Premier roman présenté par son éditeur comme “malicieux, pop et acidulé”, Girlfriend On Mars est tout cela et sans doute un peu plus. Entre satire de notre époque et expression des angoisses contemporaines, le livre de Deborah Willis s’impose comme l’une des belles découvertes de cette rentrée littéraire.
Kevin et Amber, deux trentenaires installés à Vancouver, forment un couple étonnant. Fille aînée d’une famille très chrétienne, elle a été élevée dans la discipline et a failli devenir championne de gymnastique avant qu’une blessure ne mette un terme à ses rêves. Réceptionniste dans un grand complexe, elle s’ennuie un peu et éprouve une angoisse grandissante face à l’effondrement qui menace notre monde. Lui a renoncé à devenir scénariste, il joue les figurants pour gagner (un peu) sa vie, végète beaucoup sur leur canapé et cultive des plants de cannabis dans la chambre d’amis de leur appartement. Kevin et Amber s’aiment depuis quatorze ans mais l’inertie de Kevin et le désir de changement d’Amber les éloignent imperceptiblement l’un de l’autre… Et lorsque la jeune femme s’inscrit au casting de MarsNowTM, le fossé qui les sépare devient un gouffre…
MarsNowTM, c’est la nouvelle émission de télé-réalité imaginée par Geoff Task (sorte d’avatar littéraire d’Elon Musk) : les candidats de toutes les nationalités ont été triés sur le volet. Pendant plusieurs semaines, ils vont devoir participer à de nombreuses épreuves, un peu comme dans Koh-Lanta. Puis, les deux gagnants seront envoyés sur Mars pour une mission consistant à rendre la planète rouge plus habitable. Et, contre toute attente, Amber est sélectionnée et devient l’une des stars du show, tandis que Kevin suit ses aventures depuis son canapé, en fumant des joints avec son pote Marcus.
Dès les premières lignes de son roman, Deborah Willis impose un ton très frais. En donnant la parole à Kevin dans les chapitres qui lui sont consacrés, ou en suivant pas à pas le parcours d’Amber, elle construit une réjouissante satire de notre époque et use d’une ironie mordante mais jamais gratuite. La romancière décortique et ausculte notre rapport au monde et au réel avec beaucoup de malice et d’intelligence. Tout y passe (ou presque) : les réseaux sociaux, les régimes alimentaires, nos idéaux autant que nos renoncements, l’hypocrisie généralisée, les contradictions entre nos aspirations et nos modes de vie… Deborah Willis excelle dans l’art de révéler nos faiblesses. Pour autant, son humour n’est cruel que parce qu’il est pétri d’humanité. Ainsi, on ressent en permanence son amour pour ses personnages. On s’attache très vite à Kevin et à Amber. Le jeune homme émeut de plus en plus à mesure que l’on avance dans le récit : la romancière parvient à rendre compte avec beaucoup de justesse de l’amour qu’il éprouve pour Amber mais aussi de toutes les peurs qui l’empêchent de sortir de chez lui. Quant au portrait d’Amber, il impressionne lui aussi par sa complexité qui ne se dévoile que progressivement.

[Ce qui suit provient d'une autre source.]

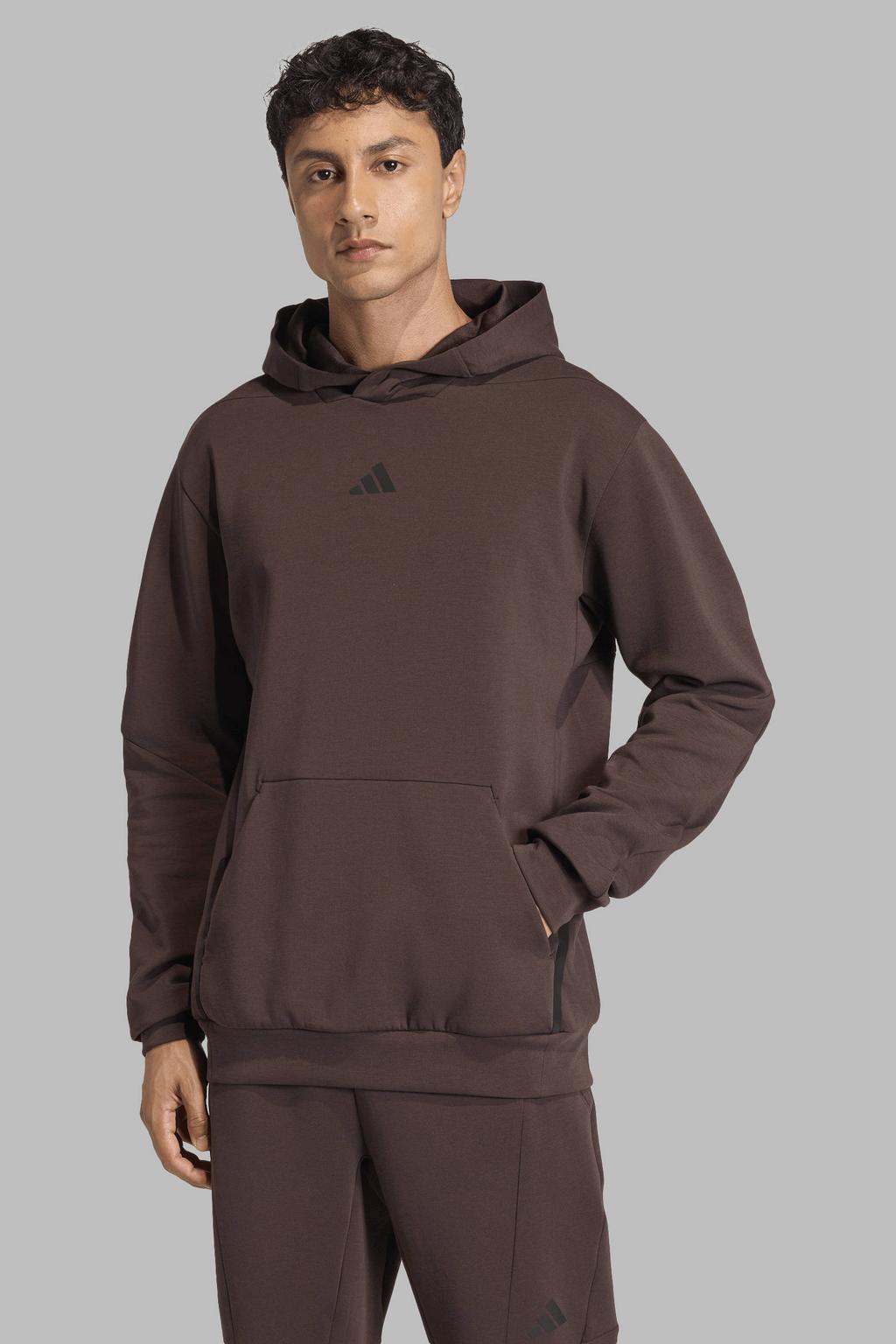 Bruine heren adidas Performance sportsweater van polyester met effen, lange mouwen en capuchon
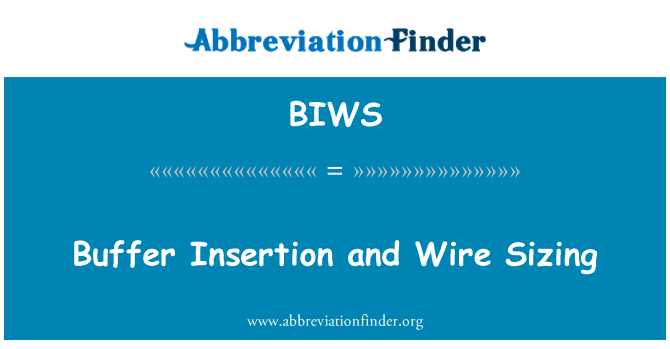 BIWS: Tampon de inserţie şi sârmă de dimensionare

Si le roman pèche un peu par sa longueur – sans doute l’ensemble aurait-il mérité d’être élagué -, il séduit aussi et surtout par son ton aussi juste et sincère, et par son dénouement grave et émouvant. Autrement dit, ce Girlfriend On Mars est un premier roman très prometteur et une très belle surprise au milieu de cette rentrée littéraire surchargée.